Create a model repository

Create a new model repo on Hugging Face (UI or CLI)
  • UI: New model at https://huggingface.co/new
  • CLI:
    huggingface-cli login
    huggingface-cli repo create <namespace>/<model-name> --type model
    

Required files

Your repository should include:
  • Model weights in .safetensors format
  • Model configuration files (e.g., config.json)
  • Tokenizer files (e.g., tokenizer.json, tokenizer_config.json, vocab.json, merges.txt)
  • Any processors (e.g., preprocessor_config.json, image processor files)
  • A README.md describing the model
Refer to the official docs for file layouts and best practices:

Push model weights and artifacts

Below is a Python example that saves a model and tokenizer, then pushes them to the Hub using transformers and huggingface_hub.
from huggingface_hub import login
from transformers import AutoModelForCausalLM, AutoTokenizer

# 1) Login using a token with read/write during setup
login(token="<HF_TOKEN>")

model_id = "<namespace>/<model-name>"

# 2) Load a base model (example) and tokenizer
model = AutoModelForCausalLM.from_pretrained("gpt2")
tokenizer = AutoTokenizer.from_pretrained("gpt2")
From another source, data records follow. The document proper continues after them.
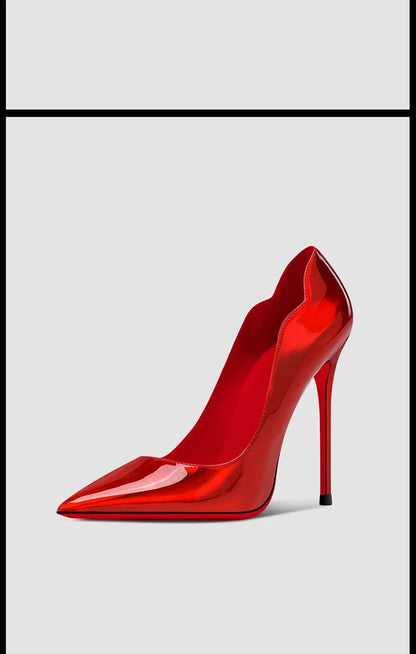 2025 New 12cm Black Extra Thin Heels  High Heels Super Shallow Mouth Women's Large Professional Single Shoes34-46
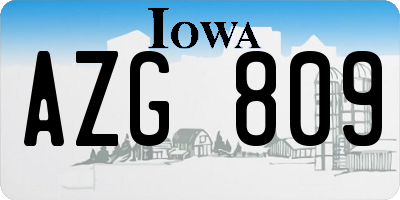 IA license plate AZG809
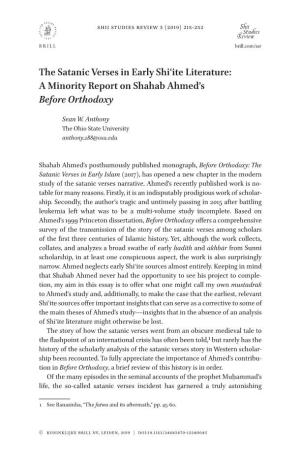 The Satanic Verses in Early Shiʿite Literature: a Minority Report on Shahab Ahmed’S Before Orthodoxy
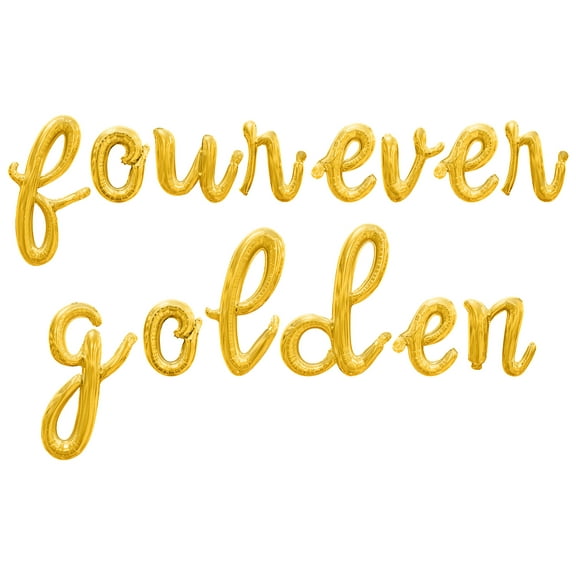 Cursive Script Letter Balloons - FOUREVER GOLDEN 16" Inch Alphabet Letters Foil Mylar Balloon 4th Birthday Party Banner (Gold)
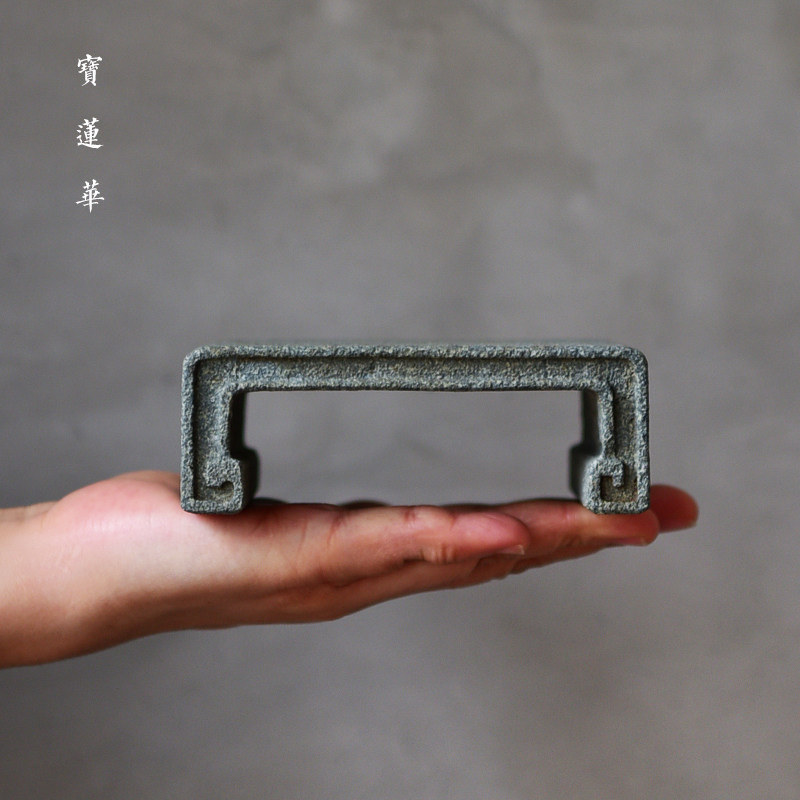 青石小案托 手工雕刻茶托 文玩托菖蒲托架盆景托台养壶托杯托壶承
# 3) (Optional) Save in safetensors
model.save_pretrained("./model", safe_serialization=True)
tokenizer.save_pretrained("./model")

# 4) Push to Hub
model.push_to_hub(model_id, private=True)
tokenizer.push_to_hub(model_id, private=True)
CLI alternative with Git:
# inside the cloned repo directory
cp -r ./model/* .

git add .
git commit -m "Add model weights, config, and tokenizer"
git push

Verify repository readiness

  • Check that all required files are present (weights, config, tokenizer, processors)
  • Confirm weights are in .safetensors
  • Ensure README.md has a pipeline tag, for example:
pipeline_tag: text-generation
Next, proceed to deployment: Deploy a model.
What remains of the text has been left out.